** TASK BRIEF **
Return the data word for word. Pictures are to be omitted.

** DATA **
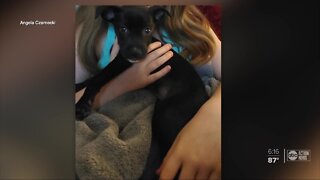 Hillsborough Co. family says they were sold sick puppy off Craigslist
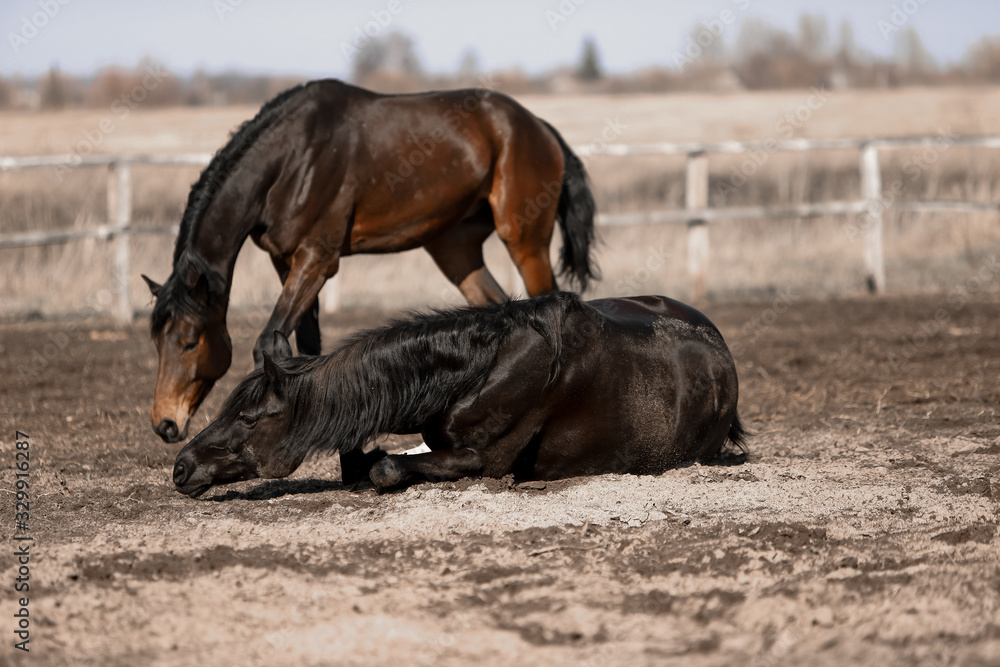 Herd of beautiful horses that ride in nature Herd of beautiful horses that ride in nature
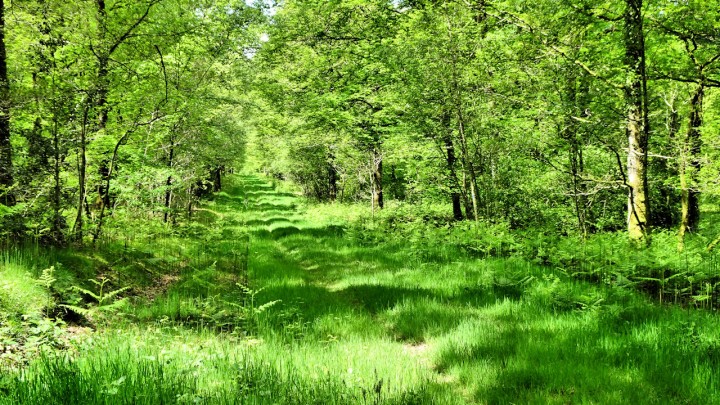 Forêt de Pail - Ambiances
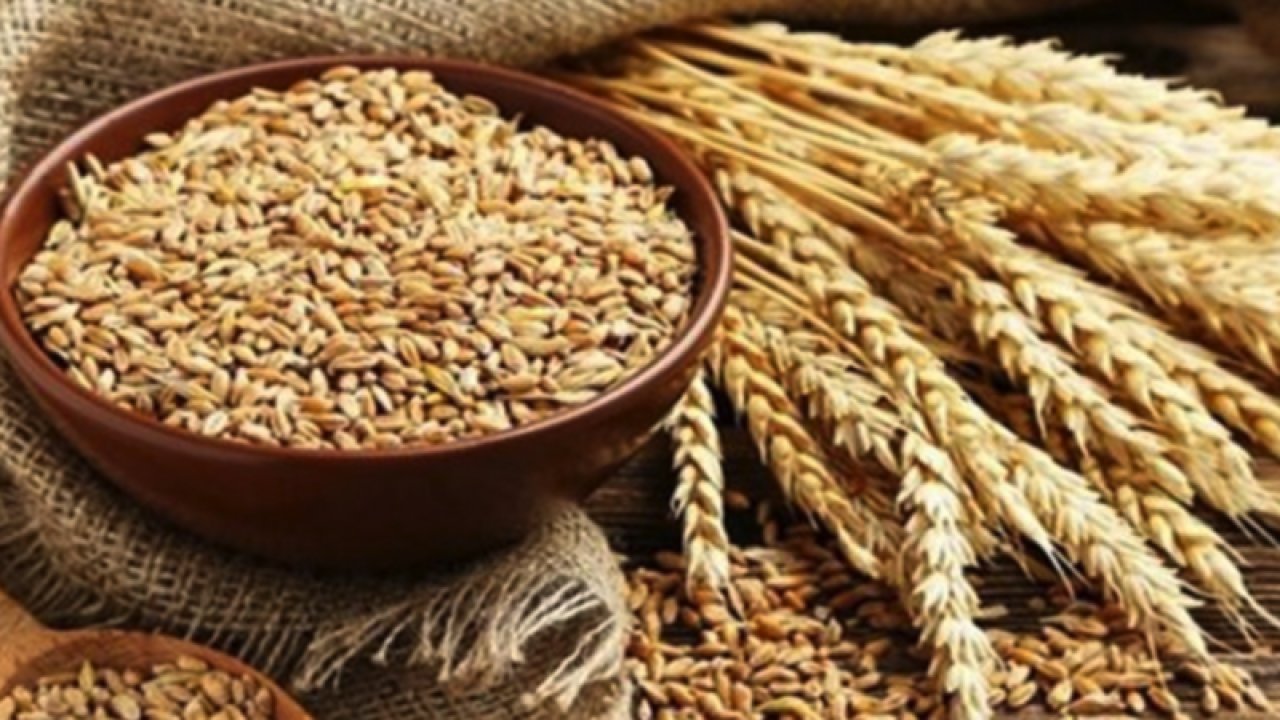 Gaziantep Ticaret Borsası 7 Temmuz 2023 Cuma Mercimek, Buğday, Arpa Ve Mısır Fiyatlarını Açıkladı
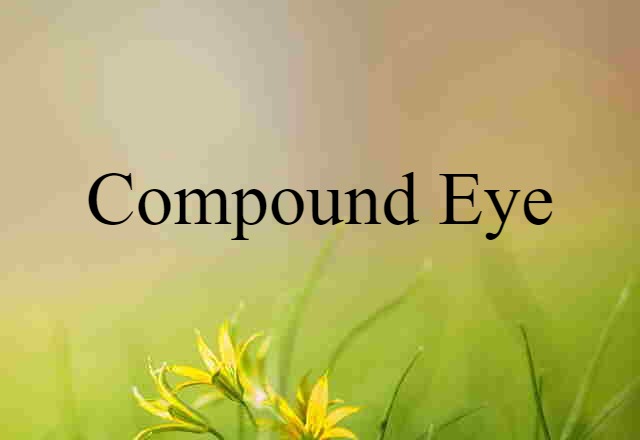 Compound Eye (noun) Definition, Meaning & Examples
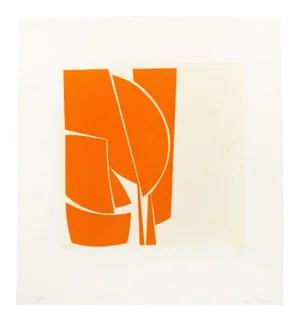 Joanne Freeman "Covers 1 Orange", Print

** ANSWER SECTION **
 Hillsborough Co. family says they were sold sick puppy off Craigslist
 Herd of beautiful horses that ride in nature Herd of beautiful horses that ride in nature
 Forêt de Pail - Ambiances
 Gaziantep Ticaret Borsası 7 Temmuz 2023 Cuma Mercimek, Buğday, Arpa Ve Mısır Fiyatlarını Açıkladı
 Compound Eye (noun) Definition, Meaning & Examples
 Joanne Freeman "Covers 1 Orange", Print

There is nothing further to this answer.